Saved entries
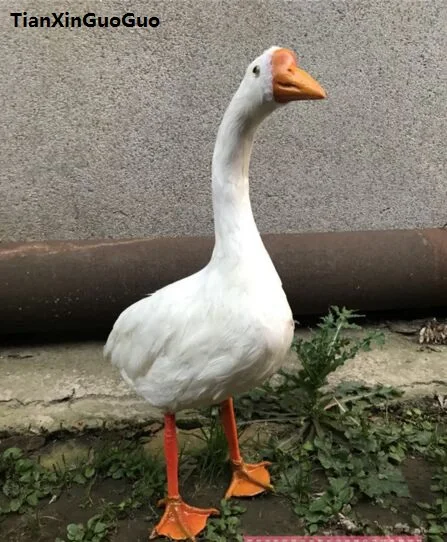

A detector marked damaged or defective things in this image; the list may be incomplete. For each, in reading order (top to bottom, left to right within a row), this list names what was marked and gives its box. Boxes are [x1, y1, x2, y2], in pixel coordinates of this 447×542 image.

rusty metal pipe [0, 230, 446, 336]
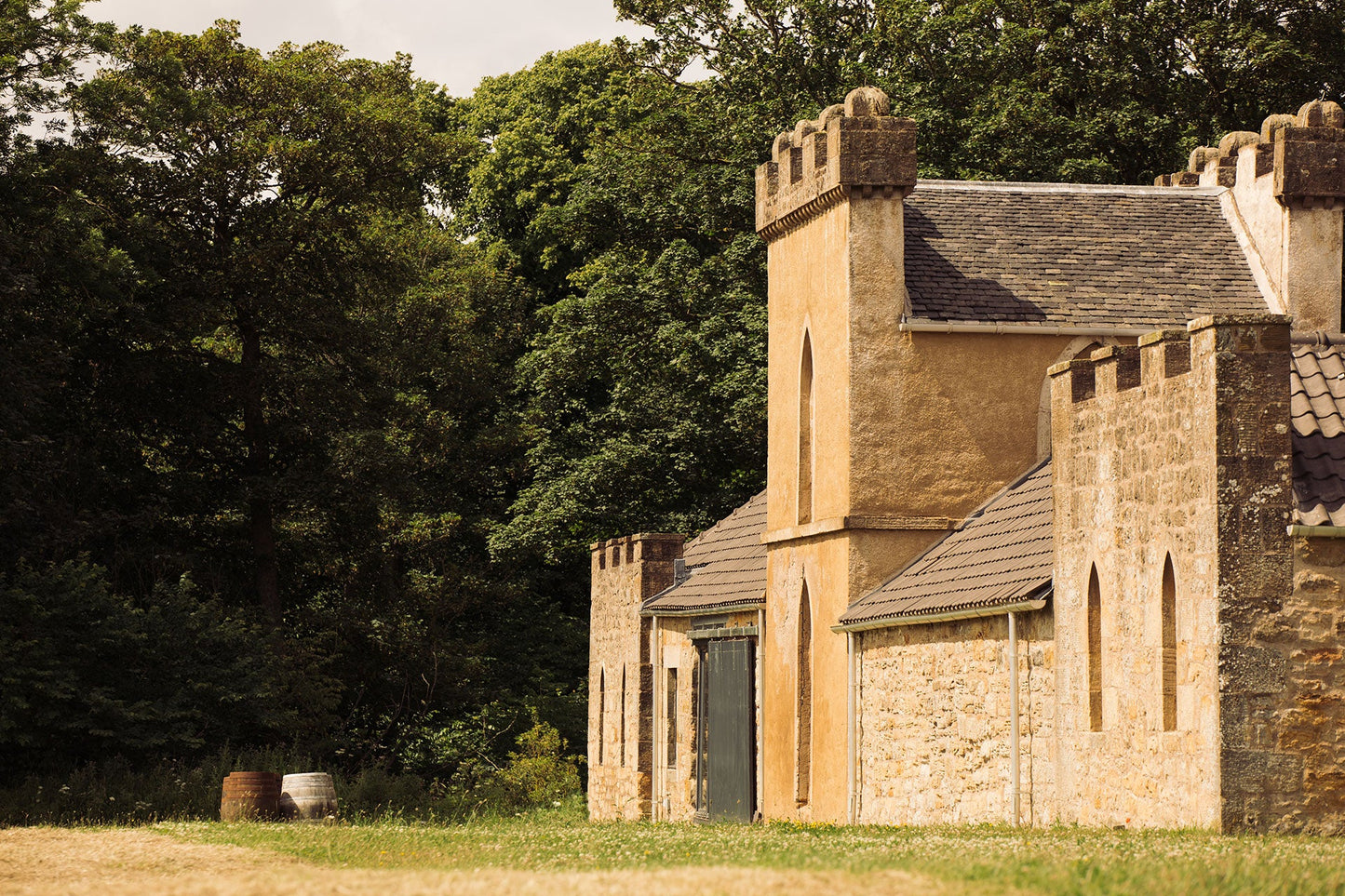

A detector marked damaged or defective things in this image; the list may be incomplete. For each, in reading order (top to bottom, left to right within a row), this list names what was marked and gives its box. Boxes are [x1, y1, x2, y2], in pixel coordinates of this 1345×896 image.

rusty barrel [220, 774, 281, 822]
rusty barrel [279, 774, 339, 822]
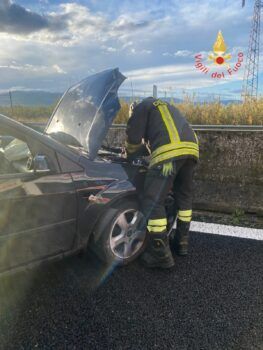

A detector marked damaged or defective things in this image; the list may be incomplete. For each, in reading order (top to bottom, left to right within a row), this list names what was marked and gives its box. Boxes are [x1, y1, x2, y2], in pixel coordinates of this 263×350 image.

■ **WHAT THIS TASK INVOLVES**
Each entry above is to be restated exactly, without its images.

■ **SOLUTION TO THE PROBLEM**
A detector marked damaged or defective things in this image; the list may be incomplete. For each, in reading order (top to bottom, left to right within a row), this list names what was marked and gives its box. Boxes are [x1, y1, x2, y2], in pixel coordinates of this 447×542 image.

rusty metal pipe [0, 230, 446, 336]

A detector marked damaged or defective things in this image; the list may be incomplete. For each, in reading order (top to bottom, left to right within a row), this list names what was marked and gives its box. Boxes are [x1, y1, x2, y2], in pixel coordinates of this 1345×896 image.

rusty barrel [220, 774, 281, 822]
rusty barrel [279, 774, 339, 822]

A detector marked damaged or defective things in this image; the list may be incomplete. For each, in reading order (top to bottom, left to right within a row), this list names what was marked and gives its box. Boxes are [x1, y1, x2, y2], in pixel coordinates of this 263×350 image.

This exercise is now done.